When Sir Isaac Newton inadvertently set in motion our present economic calamity, he did so by postulating that to every action this is an opposed and equal reaction. He never knew that central banks, bound by his “law” would find themselves compelled to engage in manifold folly by falsely misdiagnosing the action (the mortgage crisis rather than a destructive, dehumanized consumer debt cycle propped up by careless leverage policy which turned real estate into ATMs) leading to an insanity where recovery came from further indebting the taxpayer by bailing out AIG and providing year end bonuses for bankers who actually made their earnings on fee income derived from moving bail-out funds between themselves!

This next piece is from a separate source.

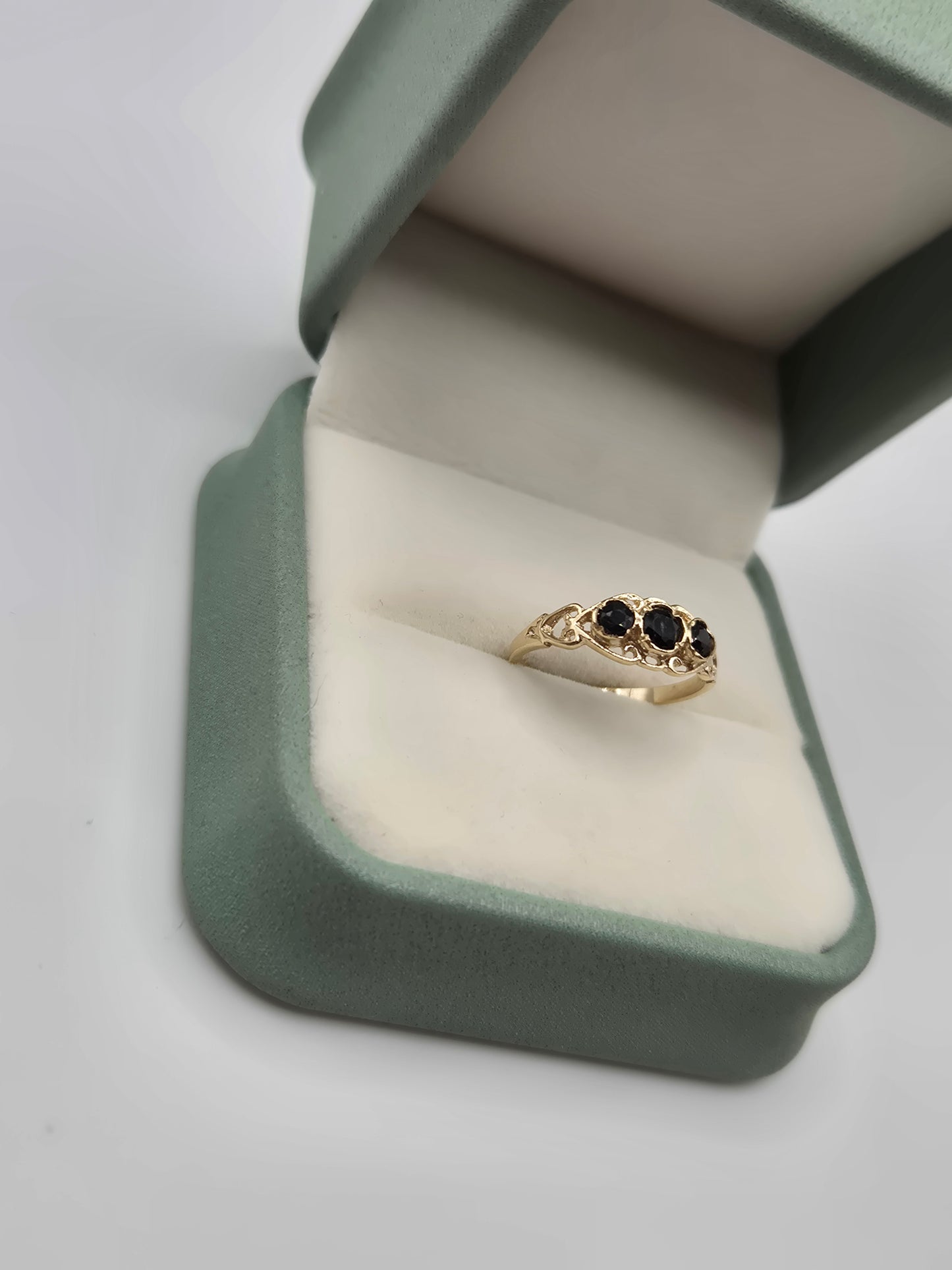 9ct gold sapphire ring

We have a malignancy of ignorance and, courtesy of the market reporting media, we have the evangelists for the cult of impulsive greed chanting incantations at such a frenzy that if you wanted to find the truth…wow, I’m exhausted.

Let’s take a breath. Let me take you to one of the first places we lost our way. To find the roots of our current value bankruptcy, we need to understand that our current debt-based view of economic systems has inextricable roots in the 13th century – specifically the Fourth Lateran Council and the funding mechanisms put in place by Pope Innocent III for the financing of the fourth Crusade. In his Papal Bull (why does this animal keep showing up? – and yes, I know it’s not that kind of bull), he details the establishment of taxation of the public, preferential dispensations for the central bankers, and a removal of all rights from those outside the faith – not to mention his ultimate creativity of accelerating mortality for those who didn’t play by his rules. All of this to fund a war and provide liquidity for the State. Sound familiar?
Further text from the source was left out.